Problem requirements: All pictures are to be dropped, and the remaining data set down exactly.

Source data
● ● ● ● ●

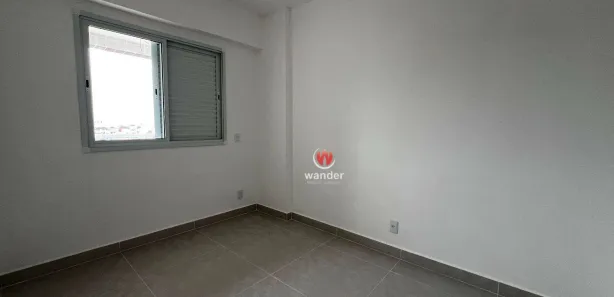 Apartamento com 3 Quartos para venda ou aluguel, 105m² no Vila Alzira, Guarujá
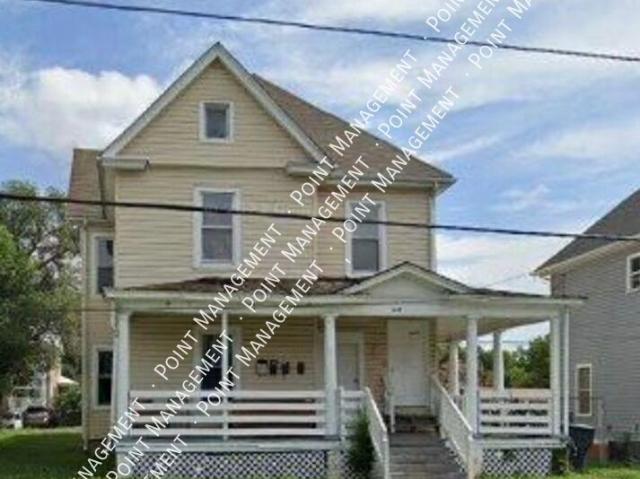 Apartment for rent in Virginia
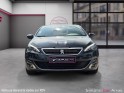 Peugeot 308 2.0 bluehdi 150ch ss bvm6 gt line occasion simplicicar arras  simplicicar simplicibike france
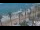 Webcam in Torrevieja, 10.6 mi away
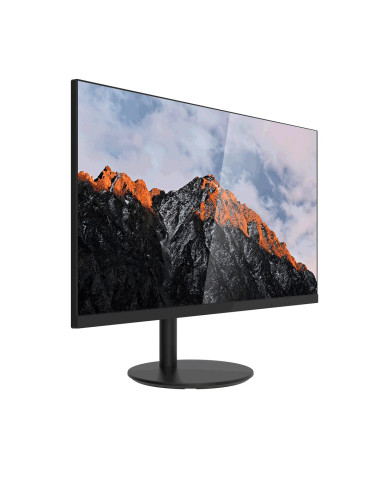 Monitor Dahua Lm27-A200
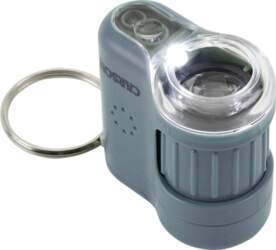 Carson MicroMini 20x Digital Microscope -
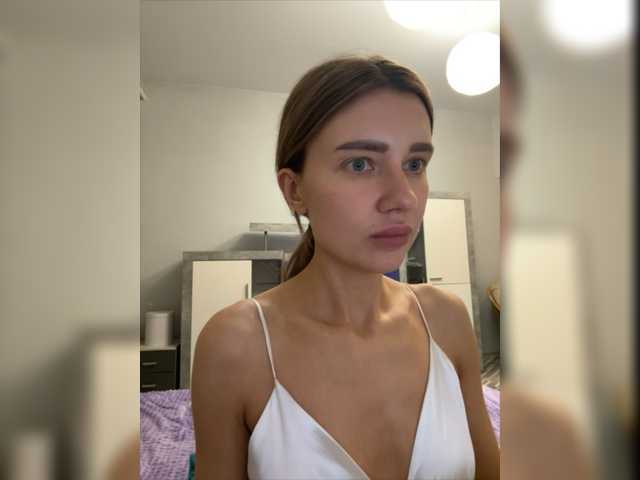 لقطات البث kirallove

● ● ● ● ●

Answer for this exercise:
 Apartamento com 3 Quartos para venda ou aluguel, 105m² no Vila Alzira, Guarujá
 Apartment for rent in Virginia
 Peugeot 308 2.0 bluehdi 150ch ss bvm6 gt line occasion simplicicar arras  simplicicar simplicibike france
 Webcam in Torrevieja, 10.6 mi away
 Monitor Dahua Lm27-A200
 Carson MicroMini 20x Digital Microscope -
 لقطات البث kirallove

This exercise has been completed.